Darren Lehmann is undoubtedly the right man to help swing the Australian woes around.  He is popular with the players, and has had a successful stint in Queensland as coach of state side the Bulls.

With the Manchester test starting next Thursday, everyone on tour needs to sit down and sort out any demons that might be plaguing their game.

First on the block is Watson.  After some ugly dismissals, and subsequent failed reviews, one could argue that the opener’s mindset is simply not in the game right now.  Unfortunately, any potential replacement batsmen – ie David Warner and Ed Cowan – are currently underperforming, which makes it all the more worrying if “Watto” cannot execute his game.

Chris Rogers has drawn what seems to be the accidental short straw.  Except for the first innings at Lord’s, the Rogers-Watson opening partnership hasn’t impressed, and it has also seen the left-hander fall victim to losing his partner before he loses his own castle.  Deserves another chance.

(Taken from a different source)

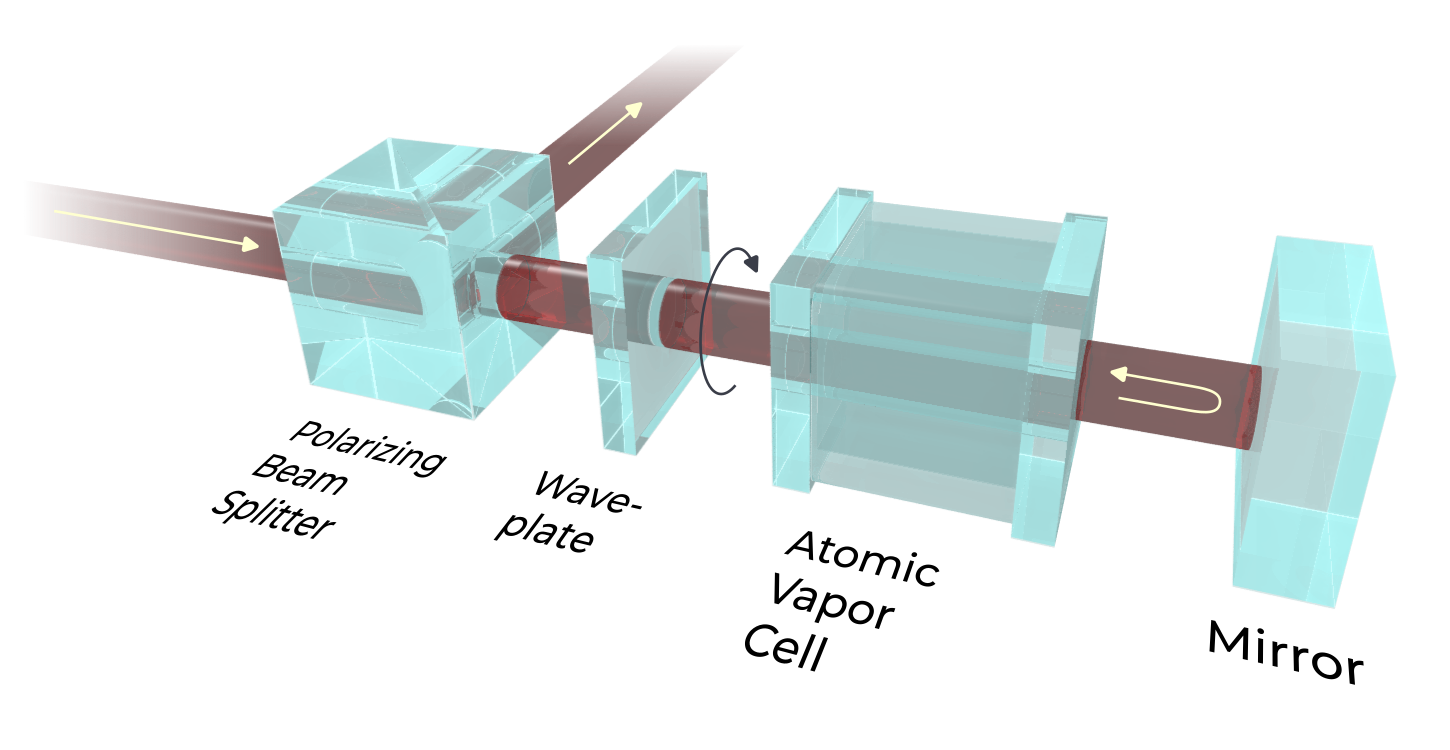 Saturated absorption spectroscopy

Usman Khawaja scored a half century in the second innings of the second test, putting on what was probably Australia‘s best stand of the series with captain Michael Clarke.  He showed poise during his 54, unlike other Australian batsmen throwing away their wicket to a rash shot.  Underdone at test level, Manchester could be his proving ground.

Michael Clarke – the equation is strikingly simple.  The captain needs runs, and he needs to lead the team by example.  Right now his game is going nowhere fast.  Almost backwards since his superb summers in Australia.  Clarke is far and above the right man to lead the team, but he needs the support from everyone else, and that seems to be something that might be found further along the horizon.  With the England bowlers running rampant, a captain’s knock is needed from Clarke in Manchester, not just for his own morale, but for the whole team.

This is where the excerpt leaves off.